If pictures appear in the lines below, skip them and copy exactly the lines from the one containing "Pince à creuset bout courbé" through the one containing "Акустическая гитара Kepma D1C Black", and nothing else.

- _Source material_:

::::::::::

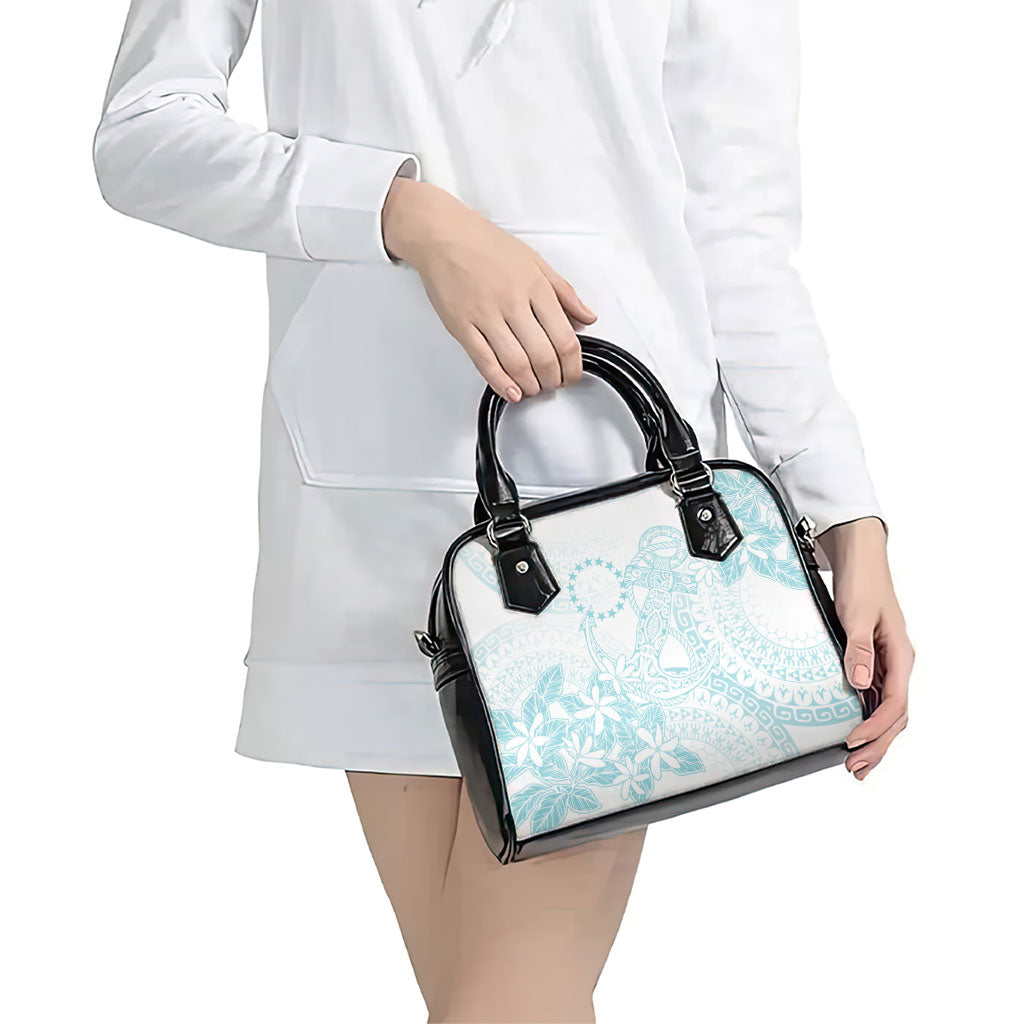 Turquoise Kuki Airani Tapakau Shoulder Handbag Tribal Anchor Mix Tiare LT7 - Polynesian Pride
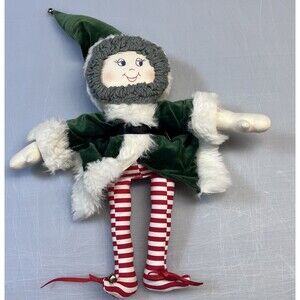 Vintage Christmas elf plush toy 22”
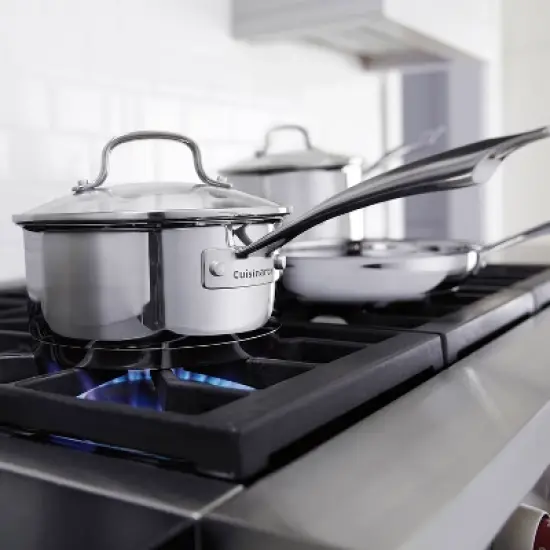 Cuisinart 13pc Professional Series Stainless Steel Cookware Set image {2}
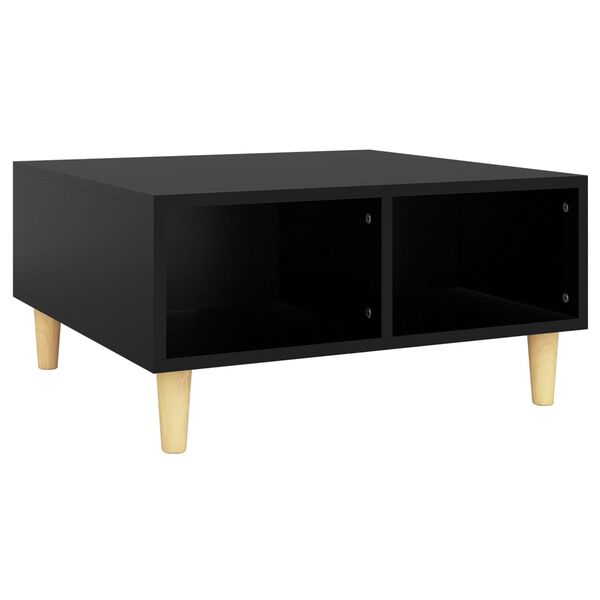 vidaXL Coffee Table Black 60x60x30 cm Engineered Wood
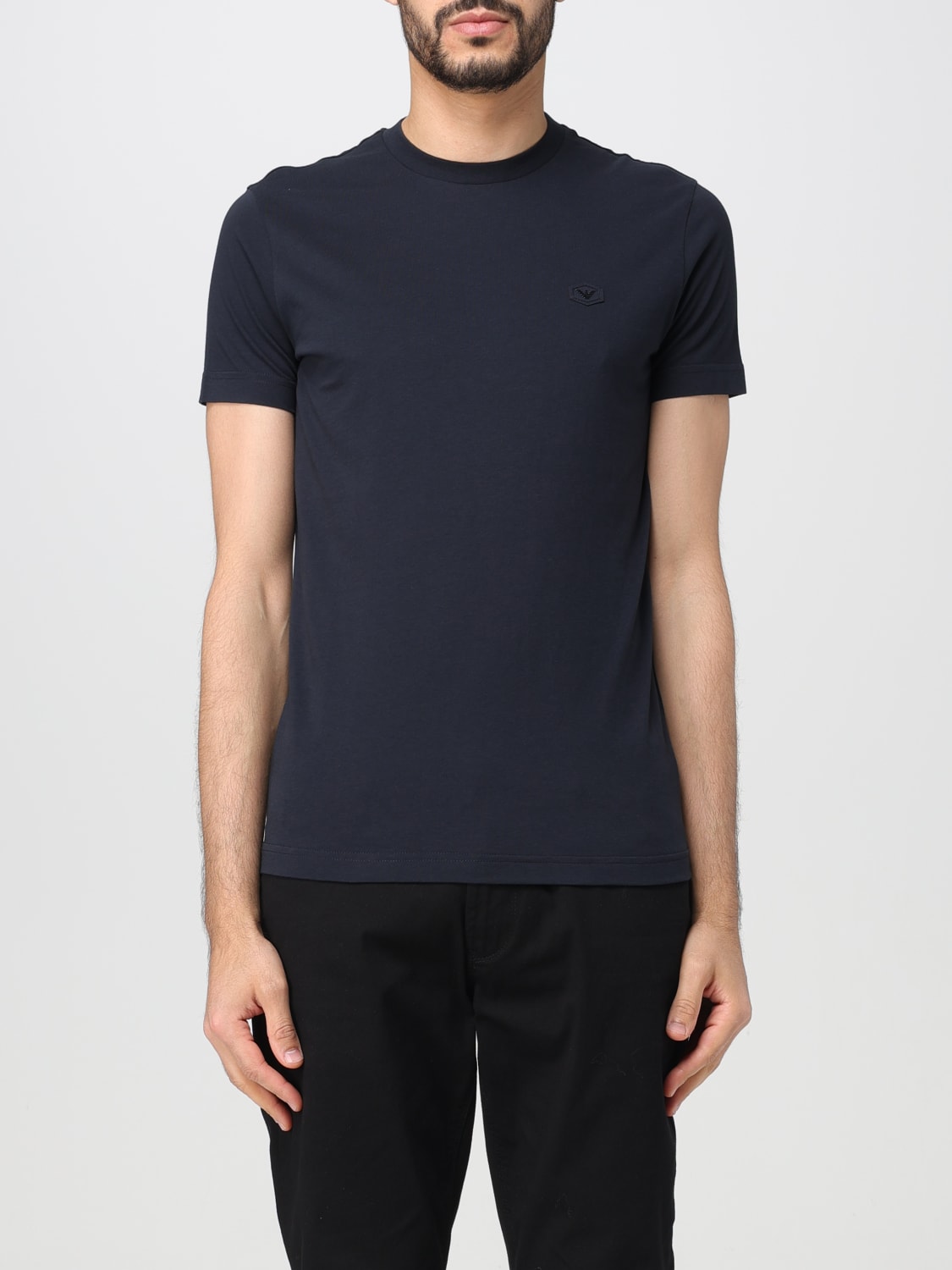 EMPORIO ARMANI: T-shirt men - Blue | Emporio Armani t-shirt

::::::::::

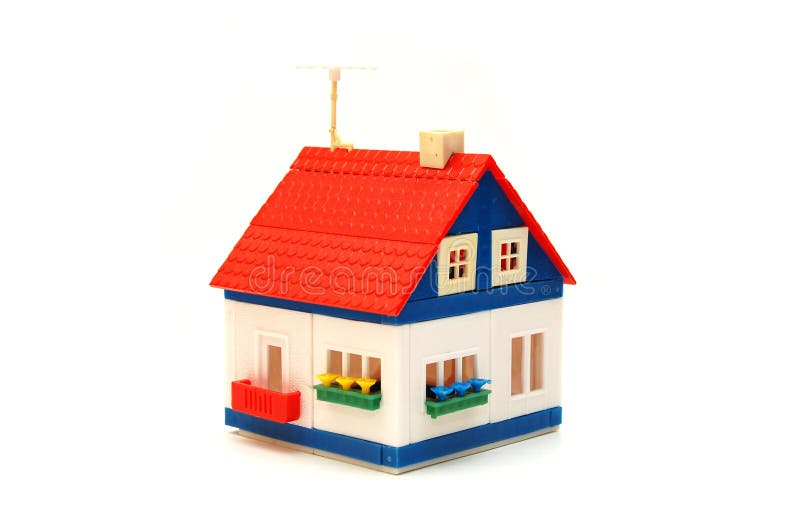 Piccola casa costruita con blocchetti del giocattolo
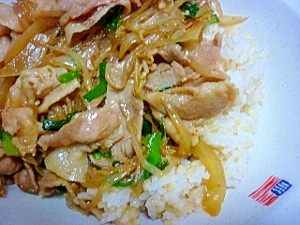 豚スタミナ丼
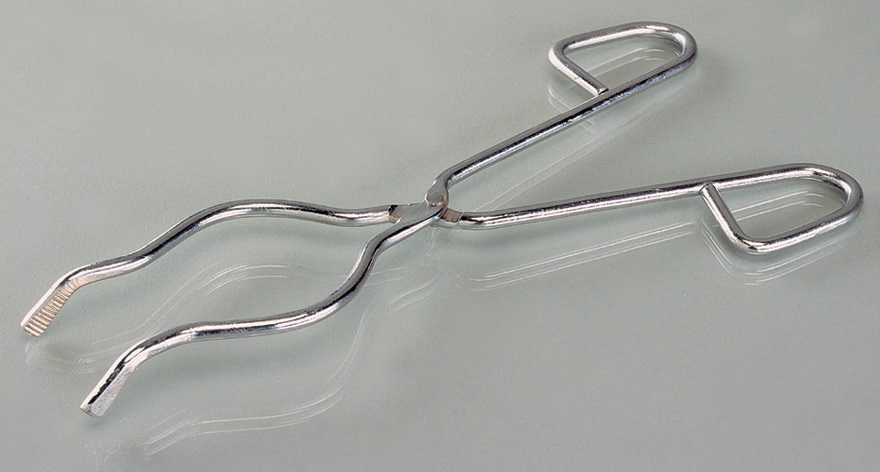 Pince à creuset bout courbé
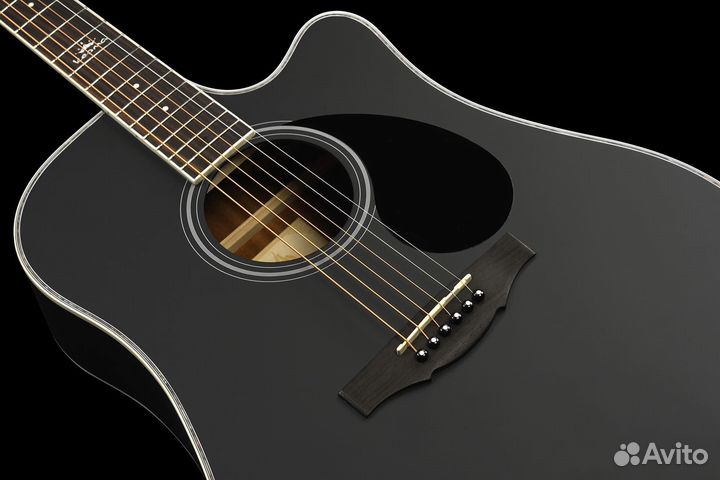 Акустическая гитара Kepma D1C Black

::::::::::

- _Answer box_:
 Pince à creuset bout courbé
 Акустическая гитара Kepma D1C Black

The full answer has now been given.